ナレーターが若い女性に言う。「女の子のように走って下さい」。女性は内股で、手を小鳥の羽根のように振りながら走る。同じことを言われた青年は、手をばたばたと振りながら走る。「少女のように投げてごらん」と言われた少年は投げようとして、「投げられないよぅ」と戸惑う。「君はいま、女の子を侮辱した、と思わないかい?」とナレーター。少年はちょっと赤くなり、「ううん、いや、そうかな。でも僕の妹は別だよ」。

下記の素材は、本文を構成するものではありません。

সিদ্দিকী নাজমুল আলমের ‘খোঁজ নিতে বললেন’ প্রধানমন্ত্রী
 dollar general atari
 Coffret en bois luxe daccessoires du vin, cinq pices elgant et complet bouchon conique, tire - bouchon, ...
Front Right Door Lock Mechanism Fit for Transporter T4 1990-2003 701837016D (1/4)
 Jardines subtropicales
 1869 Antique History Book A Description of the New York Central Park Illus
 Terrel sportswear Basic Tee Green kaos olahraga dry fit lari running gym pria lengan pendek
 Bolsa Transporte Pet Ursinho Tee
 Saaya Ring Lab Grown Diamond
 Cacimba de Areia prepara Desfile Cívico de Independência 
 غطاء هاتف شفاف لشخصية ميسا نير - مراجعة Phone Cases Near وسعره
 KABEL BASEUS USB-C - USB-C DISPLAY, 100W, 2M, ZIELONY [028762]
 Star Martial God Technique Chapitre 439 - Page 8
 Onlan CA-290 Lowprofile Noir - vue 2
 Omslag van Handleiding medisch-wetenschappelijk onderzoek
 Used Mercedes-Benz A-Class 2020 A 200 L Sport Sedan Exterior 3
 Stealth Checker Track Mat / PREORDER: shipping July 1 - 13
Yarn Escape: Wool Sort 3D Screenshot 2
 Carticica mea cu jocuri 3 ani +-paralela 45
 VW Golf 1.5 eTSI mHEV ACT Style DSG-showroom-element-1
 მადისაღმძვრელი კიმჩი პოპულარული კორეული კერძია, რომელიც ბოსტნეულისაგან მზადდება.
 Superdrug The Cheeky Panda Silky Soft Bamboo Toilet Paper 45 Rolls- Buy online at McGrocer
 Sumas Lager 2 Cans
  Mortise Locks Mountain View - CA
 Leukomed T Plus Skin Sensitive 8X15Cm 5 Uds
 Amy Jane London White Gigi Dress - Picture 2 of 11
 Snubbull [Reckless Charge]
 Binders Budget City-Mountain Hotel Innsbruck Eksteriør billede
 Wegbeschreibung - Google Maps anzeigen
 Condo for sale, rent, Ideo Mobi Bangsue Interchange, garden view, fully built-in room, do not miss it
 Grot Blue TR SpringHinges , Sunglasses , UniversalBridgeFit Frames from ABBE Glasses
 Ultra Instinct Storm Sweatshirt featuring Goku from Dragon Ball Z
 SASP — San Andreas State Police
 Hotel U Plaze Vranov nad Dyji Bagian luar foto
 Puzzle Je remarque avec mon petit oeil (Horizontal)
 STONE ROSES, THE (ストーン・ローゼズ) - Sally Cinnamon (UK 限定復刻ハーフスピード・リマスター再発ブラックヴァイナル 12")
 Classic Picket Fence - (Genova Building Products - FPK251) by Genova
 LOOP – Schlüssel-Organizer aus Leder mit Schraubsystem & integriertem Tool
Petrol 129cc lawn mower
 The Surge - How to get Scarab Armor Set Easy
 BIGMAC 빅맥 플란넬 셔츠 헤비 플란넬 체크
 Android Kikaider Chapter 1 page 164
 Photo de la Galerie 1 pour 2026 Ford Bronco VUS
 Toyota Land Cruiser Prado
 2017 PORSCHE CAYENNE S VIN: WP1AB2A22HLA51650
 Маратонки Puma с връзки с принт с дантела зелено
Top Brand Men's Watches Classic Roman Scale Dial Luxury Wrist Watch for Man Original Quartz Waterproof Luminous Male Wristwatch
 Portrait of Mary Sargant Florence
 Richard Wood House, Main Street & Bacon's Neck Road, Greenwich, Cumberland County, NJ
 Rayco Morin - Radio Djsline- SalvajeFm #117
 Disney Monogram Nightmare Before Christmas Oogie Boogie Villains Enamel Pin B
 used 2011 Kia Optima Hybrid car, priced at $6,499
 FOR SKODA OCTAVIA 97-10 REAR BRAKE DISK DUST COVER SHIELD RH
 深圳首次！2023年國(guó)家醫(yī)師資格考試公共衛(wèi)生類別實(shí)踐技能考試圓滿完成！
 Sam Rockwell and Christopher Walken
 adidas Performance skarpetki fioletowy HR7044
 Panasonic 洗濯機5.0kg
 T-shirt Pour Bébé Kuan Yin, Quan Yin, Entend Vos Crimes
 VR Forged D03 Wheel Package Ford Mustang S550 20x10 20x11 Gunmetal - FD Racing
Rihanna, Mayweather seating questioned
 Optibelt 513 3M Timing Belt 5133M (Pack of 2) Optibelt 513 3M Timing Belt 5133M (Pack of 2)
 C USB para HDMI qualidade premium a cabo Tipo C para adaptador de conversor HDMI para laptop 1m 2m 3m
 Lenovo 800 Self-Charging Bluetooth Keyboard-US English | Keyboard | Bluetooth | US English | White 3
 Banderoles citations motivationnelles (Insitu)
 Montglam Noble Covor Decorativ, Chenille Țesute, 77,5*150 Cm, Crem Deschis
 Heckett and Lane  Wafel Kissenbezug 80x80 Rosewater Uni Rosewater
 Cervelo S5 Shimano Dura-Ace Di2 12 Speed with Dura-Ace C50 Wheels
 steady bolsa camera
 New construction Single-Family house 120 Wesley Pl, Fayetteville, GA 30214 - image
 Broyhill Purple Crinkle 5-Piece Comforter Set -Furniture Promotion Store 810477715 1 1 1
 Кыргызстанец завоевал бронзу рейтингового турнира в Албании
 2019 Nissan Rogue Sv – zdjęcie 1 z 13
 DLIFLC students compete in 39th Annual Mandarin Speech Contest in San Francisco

ナレーターが、今度は小さな少女に聞く。「女の子のように走ってごらん」。少女は一生懸命に走る。「女の子のように投げてごらん」。少女が野球選手のように力一杯投げる。ナレーターが聞く。「女の子のように走るって、どういう意味だと思う?」。しばらく考えた少女が言う。「出来る限り、一生懸命に走ること」。
このCMは、視聴者の琴線に振れ ...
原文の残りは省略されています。